From the material below, return exactly the lines starting at the one that holds "Standard Curve - Human" and ending at the one that holds "Figure 1. Diagram". Pictures stay out of the answer.

▶ [MATERIAL PROVIDED]:
»»
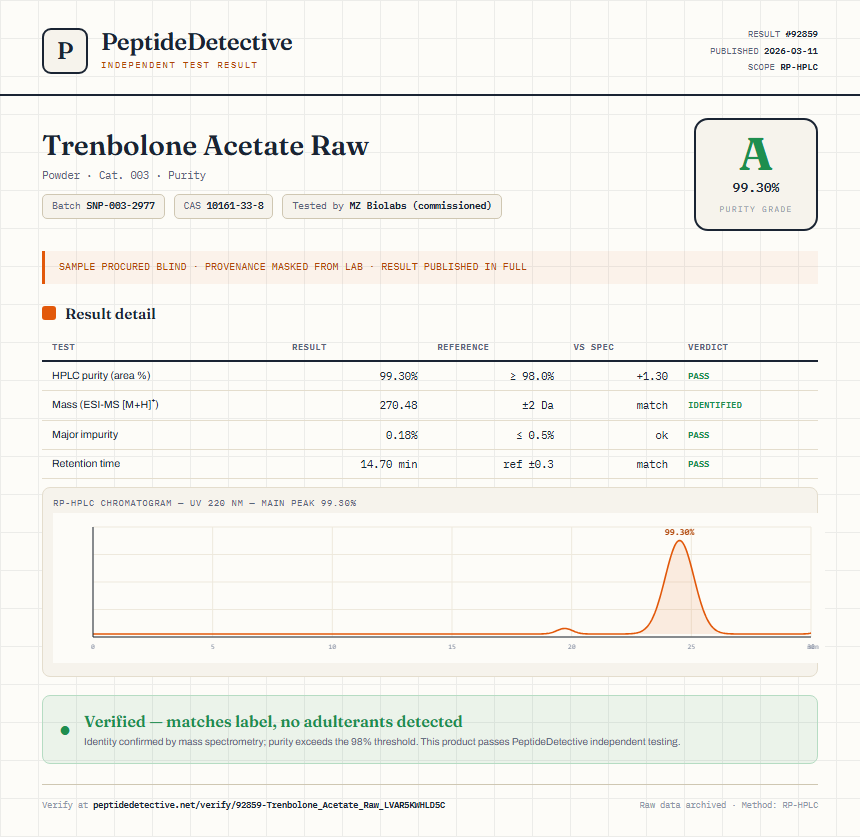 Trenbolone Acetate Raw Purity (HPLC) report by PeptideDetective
««
»»
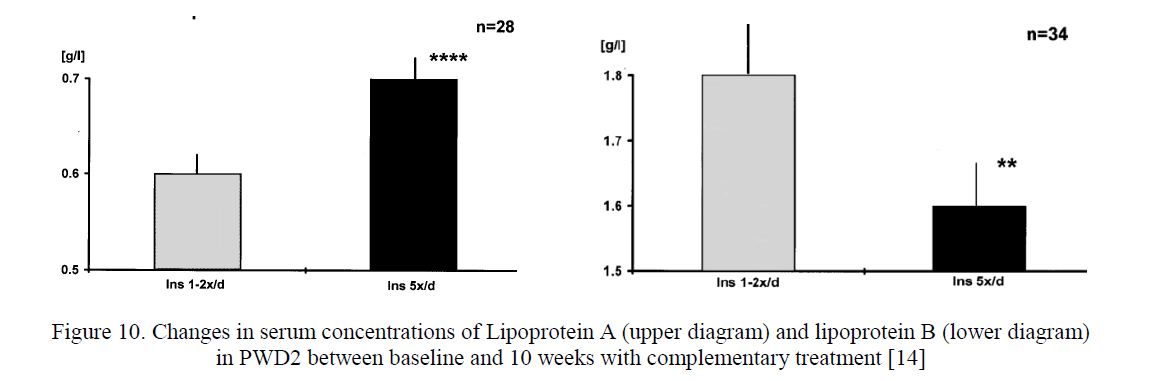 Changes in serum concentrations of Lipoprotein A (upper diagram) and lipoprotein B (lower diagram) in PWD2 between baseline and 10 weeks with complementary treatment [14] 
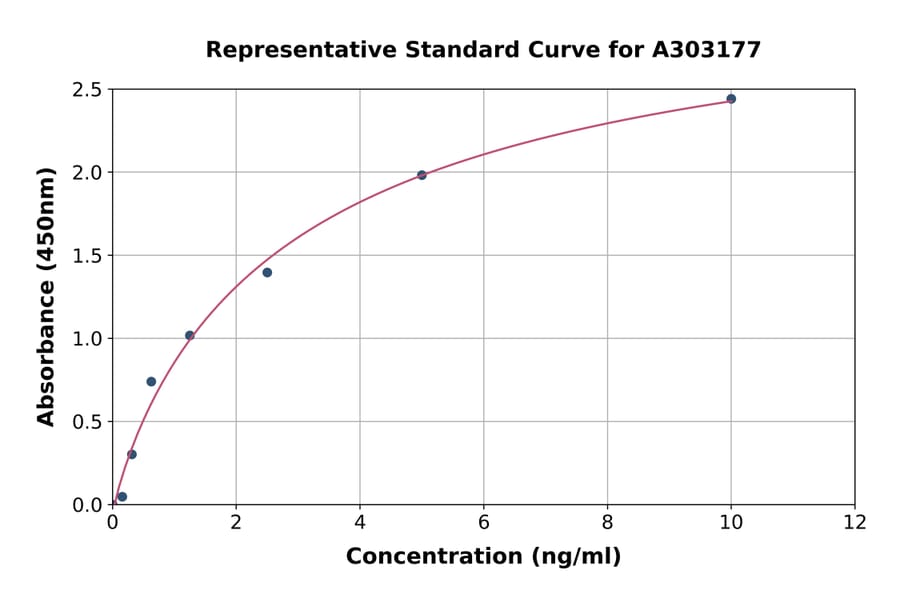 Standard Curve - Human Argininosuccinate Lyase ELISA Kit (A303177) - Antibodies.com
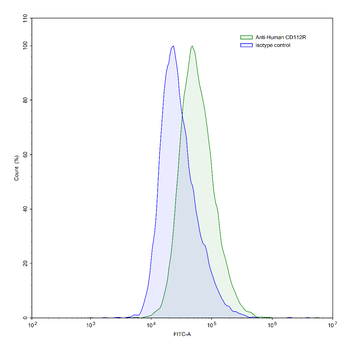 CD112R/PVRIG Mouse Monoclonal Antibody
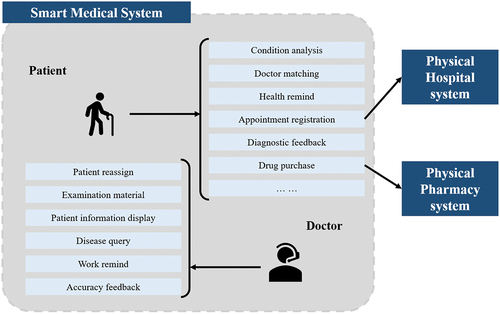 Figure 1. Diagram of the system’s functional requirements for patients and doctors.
««
▶ [EXERCISE RESULT]:
 Standard Curve - Human Argininosuccinate Lyase ELISA Kit (A303177) - Antibodies.com
 CD112R/PVRIG Mouse Monoclonal Antibody
 Figure 1. Diagram of the system’s functional requirements for patients and doctors.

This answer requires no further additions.